I dodged a man pushing a cart filled with magazines and glanced over my shoulder. My wife and daughter squeezed through a crowd waiting at a bus stop. They glared at me, heat and humidity sapping their will to keep up. But I was energized by the memory of my favorite Chinese temple. I remembered the interior garden with potted trees and teak benches, where we would relax in the cool calm—provided I was leading them the right way.

It was the first day of our first trip back to Bangkok in twenty years. We had moved here in 1995 hoping to cultivate an exotic expat life. It seemed like a good idea at the time. My wife and I were in our thirties; our daughter was just a year old. Magazine stories in 1990’s proclaimed “The Asian Century;” Thailand’s economy was “a little tiger.” I eked out a living editing development reports and writing articles for an English-language lifestyle magazine that published a few issues, then folded. When the 1997 Asian financial crisis hit, expat life became impossible and we returned to the U.S., tail between legs.

Since then, skyscrapers, shopping malls and an ultra-modern elevated rail system have gone up around Bangkok’s center. But the old dense and dirty Bangkok is still there, underneath. On this trip, I wanted to maximize the nostalgia, to experience the Bangkok I remembered. So it seemed wrong to stay in a skyscraper. Fortunately, Airbnb listed two rooms in a 1960s-era house located on quiet alley in a walled compound with a garden—exactly the kind of place Bangkok expats of my day dreamed of renting.
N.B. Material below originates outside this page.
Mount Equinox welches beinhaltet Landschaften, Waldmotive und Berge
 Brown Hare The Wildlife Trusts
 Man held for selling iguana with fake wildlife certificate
Even better, the owner was an expat who’d lived and worked in Thailand for 45 years. Online, he appeared to be the eccentric sort who was always fun to meet in Bangkok—the old Asia hand. And in person, he was. He greeted us in front of the house, in the dark, after the airport taxi delivered us at 2a.m. I apologized for the late arrival. “No problem. I’m always up this late,” he said. He wore cargo shorts, a baggy tee shirt and resembled the actor John Goodman, but with swollen ankles. We hauled our bags inside. He suggested we share a beer in his air-conditioned library, which we entered via a sliding glass door. The shelves were crammed with textbooks on various subjects, hoarded from his years of running a tutoring service. The house, he told us, was originally built for American officers stationed in Bangkok during the Vietnam War.

The next morning, in the light, I realized the place was a bit too eccentric for comfort. It had seen no upkeep since the Fall of Saigon. Plaster from the bathroom wall crumbled into soggy piles on the chipped tile. A painted plywood door was peeling down to raw wood. In the neglected garden, cats roamed and scratched on a wide dirt patch.

Still, staying there reminded me of younger days in Bangkok, when we were always living on the cheap and had only one air-conditioned room in our house. As the sun rose, I took a walk down the alley and familiar Bangkok sensations flooded back: the tropical bird calls announcing the dawn; the stink of rotting kitchen garbage followed by the aroma of marinated pork grilling; how your shirt instantly heats up in the sun and you slow your pace to keep from breaking a sweat.

If you think about it, you can imagine a line that begins on the spot you were born and traces the path connecting all the places you have ever been. When you live in one place and do much the same thing every day, this line loops over and over itself. When you are young, the fun of traveling abroad is to branch and extend your line into new territory. You take a step down a jungle trail or into a European cathedral and tell yourself: “This is the first time I have ever stepped in exactly this place.”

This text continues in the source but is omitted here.